The Campaign in Russian Poland

CHAPTER VI THE SIEGE OF PRZEMYSL--THE STRUGGLE ON THE SAN

Chapter 73,069 wordsPublic domain

“When Przemysl falls,” wrote Mr. Granville Fortescue in the _Daily Telegraph_, “the name of Radko Dimitrieff will ring around the world.” It was not, however, the immediate object of General Dimitrieff and his coadjutors to bring about a hurried capitulation of this commanding fortress and its 30,000 defenders. The Russian headquarters in Galicia could well afford to play a waiting game and let the grim business of starvation do its work.

In our second chapter we brought down the record of events on the Galician theatre of war to the important capture of Jaroslav by the Russians on September 21, after only three days’ investment. The Colonel Shumsky from whom I have already quoted points out the enormous significance of this capture when taken in conjunction with the all-round breakdown of the Austro-German conception. That plan assumed, he opines that Western Poland would have been cut off, and there would have been a last development of the Austro-German forces from Jaroslav over Ivangorod and East Prussia seawards. From “the Baltic to the Carpathians” was certainly the grandest of grand conceptions--instead of which, we have the well-nigh incredible estimate of _a million_ Austrian troops put out of action in less than two months of war, and the frank statement by one of their general officers that “the enemy is too much for us.”

It would appear that the Austrian forces operating along the line Lublin-Holm in August to September included the 3rd, 11th, 12th, and portions of the 7th, 13th, and 14th Army Corps, with five cavalry divisions. But in one day’s fighting alone they are known to have had 20,000 casualties, the mobility and rapidity of the Russian offensive seeming quite to have paralysed them. After Lemberg, the capture of Halicz and later still of Jaroslav rendered their position still more unenviable. As Professor Pares points out, “the chief harm which Germany and Austria could inflict in a war against Russia was to conquer Russian Poland, whose frontier made defence extremely difficult. Regarding this protuberance as a head, Germany and Austria could make a simultaneous amputating operation at its neck, attacking the one from East Prussia and the other from Galicia. But the German policy, which had other and more primary objects, precipitated war with France and threw the bulk of the German forces westward. Thus the German army in East Prussia kept the defensive, and Austria was left to make her advance from Galicia without support.” We have seen in part how that forlorn advance was destined to be beaten back in blood.

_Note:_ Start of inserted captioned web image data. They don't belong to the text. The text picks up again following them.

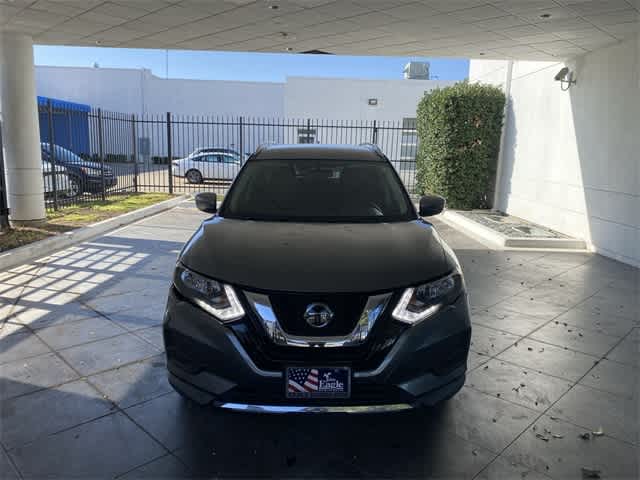 2018 Nissan Rogue SV 6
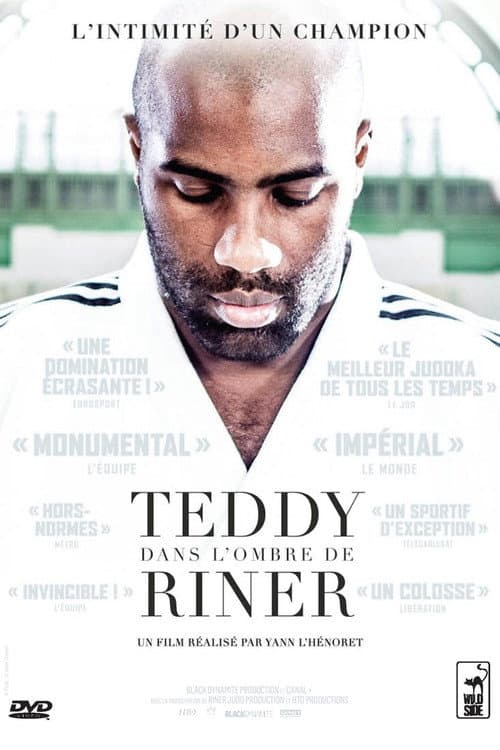 Постер: Dans l'ombre de Teddy Riner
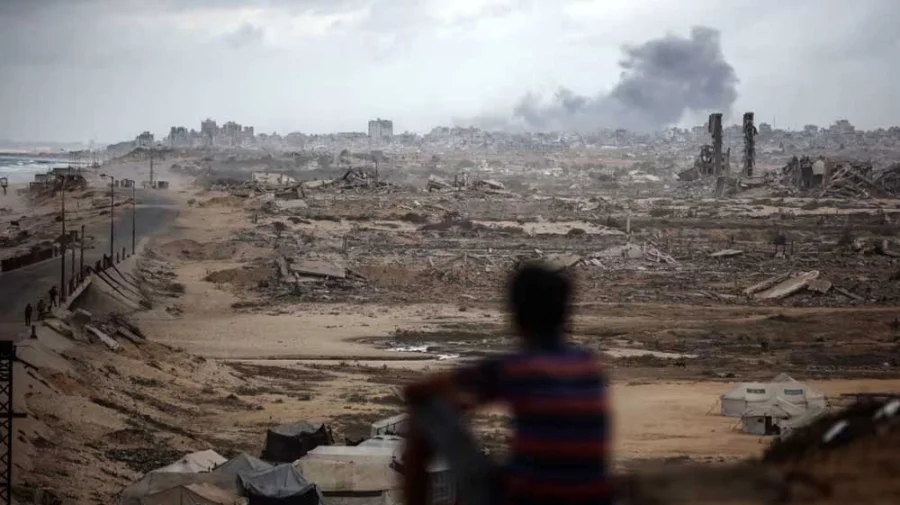 কী হবে গাজার ভবিষ্যৎ?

Perhaps never in the history of war have more lies, false rumours, and unintelligent anticipations got into print than in connection with the momentous event happening in Galicia consequent upon the “pleasant surprise” of the capture of Jaroslav on September 21. As that important success, taken in conjunction with the huge battles in East Prussia and Russian Poland, certainly implied the imminent danger of Przemysl, we heard all sorts of things about the fate of that great fortress. It was on the eve of capture, it was on fire, most of the forts were taken--the garrison was driven to the inner defences, etc., etc. In short, Przemysl was by the many-headed held to have been captured, or at all events isolated, quite early in September. But the powerful German advance into Poland, with the co-operating Austrian movement on their right in Galicia, had put the fortress for the moment out of danger. Jaroslav’s fall was a decided nail in the coffin of Przemysl, but no more.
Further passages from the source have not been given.